# Skype mobile



## DCtoDubai (Oct 26, 2008)

Hi, all -

Two weeks and I will arrive in Dubai! Getting very anxious as I am continually thinking of more things that I forgot. And I am sure there will be many . . . 

Anyway, I know that there are difficulties in getting Skype to work properly. I've read the threads here and elsewhere. One thing I haven't seen any mention of is whether it works using a mobile phone. Has anyone tried using skype over their cell? What problems are there? Anything notable?

Thanks in advance.

Hope to make one of the Barasti nights later in March and meet some of you.

Tim


----------



## DMum2 (Jan 11, 2009)

I am not sure about skype on a mobile phone - although I cannot see any problem with it working here. 

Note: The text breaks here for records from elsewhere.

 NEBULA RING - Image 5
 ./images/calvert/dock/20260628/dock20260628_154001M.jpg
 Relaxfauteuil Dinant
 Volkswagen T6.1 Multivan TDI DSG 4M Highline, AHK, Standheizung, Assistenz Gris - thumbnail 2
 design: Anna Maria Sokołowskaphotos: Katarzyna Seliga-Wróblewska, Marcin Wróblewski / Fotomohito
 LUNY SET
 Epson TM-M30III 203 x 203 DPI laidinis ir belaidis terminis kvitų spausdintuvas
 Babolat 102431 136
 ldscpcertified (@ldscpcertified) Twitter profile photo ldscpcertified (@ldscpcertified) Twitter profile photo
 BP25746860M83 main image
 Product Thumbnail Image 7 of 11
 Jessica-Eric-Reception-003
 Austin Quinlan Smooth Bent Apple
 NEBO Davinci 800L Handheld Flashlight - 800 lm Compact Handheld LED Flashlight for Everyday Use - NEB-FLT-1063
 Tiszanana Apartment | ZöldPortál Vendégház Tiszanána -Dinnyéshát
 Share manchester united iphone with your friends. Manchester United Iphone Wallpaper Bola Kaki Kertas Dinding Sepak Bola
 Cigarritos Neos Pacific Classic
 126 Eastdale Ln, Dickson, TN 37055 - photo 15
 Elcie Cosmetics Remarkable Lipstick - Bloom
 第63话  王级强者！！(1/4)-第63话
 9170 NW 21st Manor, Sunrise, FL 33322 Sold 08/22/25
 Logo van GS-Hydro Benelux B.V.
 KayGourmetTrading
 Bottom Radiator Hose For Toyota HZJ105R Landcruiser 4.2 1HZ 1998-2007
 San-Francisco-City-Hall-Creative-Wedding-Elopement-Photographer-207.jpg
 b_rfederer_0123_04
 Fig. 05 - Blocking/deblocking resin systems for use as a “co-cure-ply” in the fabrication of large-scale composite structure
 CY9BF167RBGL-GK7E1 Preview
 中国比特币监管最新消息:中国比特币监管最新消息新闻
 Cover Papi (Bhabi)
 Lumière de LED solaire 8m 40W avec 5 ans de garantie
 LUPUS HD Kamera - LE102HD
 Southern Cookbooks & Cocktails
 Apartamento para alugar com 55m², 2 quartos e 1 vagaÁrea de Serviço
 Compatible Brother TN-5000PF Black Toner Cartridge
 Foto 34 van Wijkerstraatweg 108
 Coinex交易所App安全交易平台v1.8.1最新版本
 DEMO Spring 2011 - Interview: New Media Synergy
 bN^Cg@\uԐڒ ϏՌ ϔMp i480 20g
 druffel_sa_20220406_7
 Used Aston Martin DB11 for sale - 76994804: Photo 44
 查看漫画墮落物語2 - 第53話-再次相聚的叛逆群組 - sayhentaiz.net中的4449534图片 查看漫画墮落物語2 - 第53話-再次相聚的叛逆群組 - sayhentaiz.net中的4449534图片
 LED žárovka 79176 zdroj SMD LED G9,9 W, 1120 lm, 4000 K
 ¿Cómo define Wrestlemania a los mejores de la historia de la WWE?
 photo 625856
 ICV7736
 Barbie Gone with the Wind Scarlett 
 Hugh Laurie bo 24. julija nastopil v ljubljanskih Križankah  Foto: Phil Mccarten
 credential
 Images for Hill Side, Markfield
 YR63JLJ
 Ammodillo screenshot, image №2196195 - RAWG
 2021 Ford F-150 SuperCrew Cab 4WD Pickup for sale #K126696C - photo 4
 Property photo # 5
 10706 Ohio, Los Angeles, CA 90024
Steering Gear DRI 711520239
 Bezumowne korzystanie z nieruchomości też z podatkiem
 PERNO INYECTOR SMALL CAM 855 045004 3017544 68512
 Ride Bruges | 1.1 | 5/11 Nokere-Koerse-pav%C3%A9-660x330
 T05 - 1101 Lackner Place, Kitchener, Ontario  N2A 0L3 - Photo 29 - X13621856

The main problem in the UAE with Skype is that Etisalat have blocked the site. Those of us on Du can use it however and it saves us a lot of money in phone calls overseas and of course the video feature means you can see your relatives too.


----------



## DCtoDubai (Oct 26, 2008)

Thanks for the response. I was just wondering whether it would be blocked over the mobile network as well. I suppose there is only one way to find out!


----------



## DMum2 (Jan 11, 2009)

I would not think it would be blocked if you are a Du mobile subscriber. It will likely be blocked if you are an Etisalat subcriber though.


----------



## lulubelle (Jul 21, 2008)

Just to cover yourself, if it is blocked or not working properly, download Hotspot shield as a backup whilst you are still in your home country. Hope you have awesome time in Dubai, and don't worry about forgetting anything, I promise you will find it in Mall of Emirates.....


----------



## DCtoDubai (Oct 26, 2008)

Thanks for the replies. All the help is appreciated.

Tim


----------